Brent retreats as Middle East tensions show signs of easing
The front-month ICE Brent contract has dropped by $13.99/bbl on the day, to trade at $92.81/bbl at 09.00 GMT.
IMAGE: Getty Images
Upward pressure:
Concerns over smooth transit through the Strait of Hormuz continues to support oil prices after Iran’s Revolutionary Guards said it would not allow crude oil to be shipped from the Middle East if US and Israeli attacks continue.
The global oil market “will need to see a resumption of oil flows through the Strait of Hormuz to sustain a move lower in oil prices,” two analysts from ING Bank said.
Downward pressure:
Brent futures have fallen after climbing above $100/bbl in the previous session, as the conflict between the US, Israel and Iran has shown signs of de-escalation.
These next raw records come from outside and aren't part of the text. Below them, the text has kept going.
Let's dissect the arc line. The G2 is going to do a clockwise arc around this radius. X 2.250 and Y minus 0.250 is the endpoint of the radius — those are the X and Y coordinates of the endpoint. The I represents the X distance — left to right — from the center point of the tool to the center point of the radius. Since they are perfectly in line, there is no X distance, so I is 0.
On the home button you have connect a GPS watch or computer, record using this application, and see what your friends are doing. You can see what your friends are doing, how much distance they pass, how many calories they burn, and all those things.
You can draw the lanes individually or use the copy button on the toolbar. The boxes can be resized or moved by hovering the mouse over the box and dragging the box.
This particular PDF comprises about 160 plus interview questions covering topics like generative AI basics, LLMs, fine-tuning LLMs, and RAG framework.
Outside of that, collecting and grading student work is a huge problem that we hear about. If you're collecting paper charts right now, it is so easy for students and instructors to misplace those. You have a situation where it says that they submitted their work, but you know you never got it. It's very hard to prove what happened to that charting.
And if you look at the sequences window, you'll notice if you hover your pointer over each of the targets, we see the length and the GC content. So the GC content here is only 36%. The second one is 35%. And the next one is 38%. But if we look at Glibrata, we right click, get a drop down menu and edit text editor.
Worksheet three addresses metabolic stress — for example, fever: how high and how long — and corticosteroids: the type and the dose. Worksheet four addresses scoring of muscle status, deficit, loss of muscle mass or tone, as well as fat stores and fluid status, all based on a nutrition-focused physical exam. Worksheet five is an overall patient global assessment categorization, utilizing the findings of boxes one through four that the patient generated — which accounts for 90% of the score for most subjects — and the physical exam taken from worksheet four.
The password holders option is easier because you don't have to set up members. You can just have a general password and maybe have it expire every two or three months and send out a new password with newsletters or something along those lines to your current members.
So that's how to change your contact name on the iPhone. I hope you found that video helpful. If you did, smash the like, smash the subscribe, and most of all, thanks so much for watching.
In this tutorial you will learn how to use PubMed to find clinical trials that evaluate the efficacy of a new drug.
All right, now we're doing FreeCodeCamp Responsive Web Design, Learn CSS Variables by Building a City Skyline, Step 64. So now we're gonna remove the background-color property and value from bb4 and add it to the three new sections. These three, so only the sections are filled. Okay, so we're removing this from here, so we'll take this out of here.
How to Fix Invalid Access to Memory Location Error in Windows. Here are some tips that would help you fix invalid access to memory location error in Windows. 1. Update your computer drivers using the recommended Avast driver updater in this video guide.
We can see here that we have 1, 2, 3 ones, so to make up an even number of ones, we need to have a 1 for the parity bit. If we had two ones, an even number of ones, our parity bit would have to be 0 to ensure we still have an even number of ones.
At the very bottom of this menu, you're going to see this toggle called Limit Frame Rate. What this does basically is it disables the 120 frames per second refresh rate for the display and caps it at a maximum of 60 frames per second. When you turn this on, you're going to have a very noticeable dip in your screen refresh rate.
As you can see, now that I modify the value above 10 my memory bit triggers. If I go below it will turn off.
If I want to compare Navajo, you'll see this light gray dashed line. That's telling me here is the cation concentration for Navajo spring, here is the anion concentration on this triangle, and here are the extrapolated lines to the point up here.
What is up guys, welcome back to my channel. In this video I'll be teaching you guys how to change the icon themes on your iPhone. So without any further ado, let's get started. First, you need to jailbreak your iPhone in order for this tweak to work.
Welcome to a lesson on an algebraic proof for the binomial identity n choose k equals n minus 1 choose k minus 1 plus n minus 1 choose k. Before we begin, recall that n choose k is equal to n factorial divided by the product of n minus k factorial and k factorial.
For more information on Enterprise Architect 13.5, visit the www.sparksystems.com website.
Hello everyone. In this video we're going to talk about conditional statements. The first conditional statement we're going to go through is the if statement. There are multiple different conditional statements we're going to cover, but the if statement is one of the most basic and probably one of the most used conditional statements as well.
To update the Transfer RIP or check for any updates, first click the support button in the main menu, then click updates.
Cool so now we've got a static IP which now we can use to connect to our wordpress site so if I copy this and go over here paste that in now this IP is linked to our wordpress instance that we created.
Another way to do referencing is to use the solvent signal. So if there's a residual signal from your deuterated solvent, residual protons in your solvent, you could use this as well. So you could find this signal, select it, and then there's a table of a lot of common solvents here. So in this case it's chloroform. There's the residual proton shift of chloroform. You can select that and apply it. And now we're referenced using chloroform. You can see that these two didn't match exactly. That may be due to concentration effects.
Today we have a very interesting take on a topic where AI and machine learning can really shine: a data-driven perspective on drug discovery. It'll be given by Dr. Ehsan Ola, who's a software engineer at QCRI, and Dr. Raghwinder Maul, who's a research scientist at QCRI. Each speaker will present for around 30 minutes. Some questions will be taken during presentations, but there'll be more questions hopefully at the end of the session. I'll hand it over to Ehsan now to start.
US President Donald Trump yesterday said that the war could end earlier than his previously stipulated timeframe of four weeks, Reuters reported. However, he cautioned that the US could intensify attacks if Iran blocks traffic through the Strait of Hormuz.
Additionally, the Group of Seven (G7) developed countries announced yesterday that they were prepared to take necessary steps to curb rising global oil prices but refrained from committing a joint release of oil from emergency reserves.
Reports that “G7 finance ministers were considering a significant release of oil from strategic reserves, along with comments from President Trump suggesting that the war might end soon, sent prices plunging later in the session,” two analysts from ING Bank noted.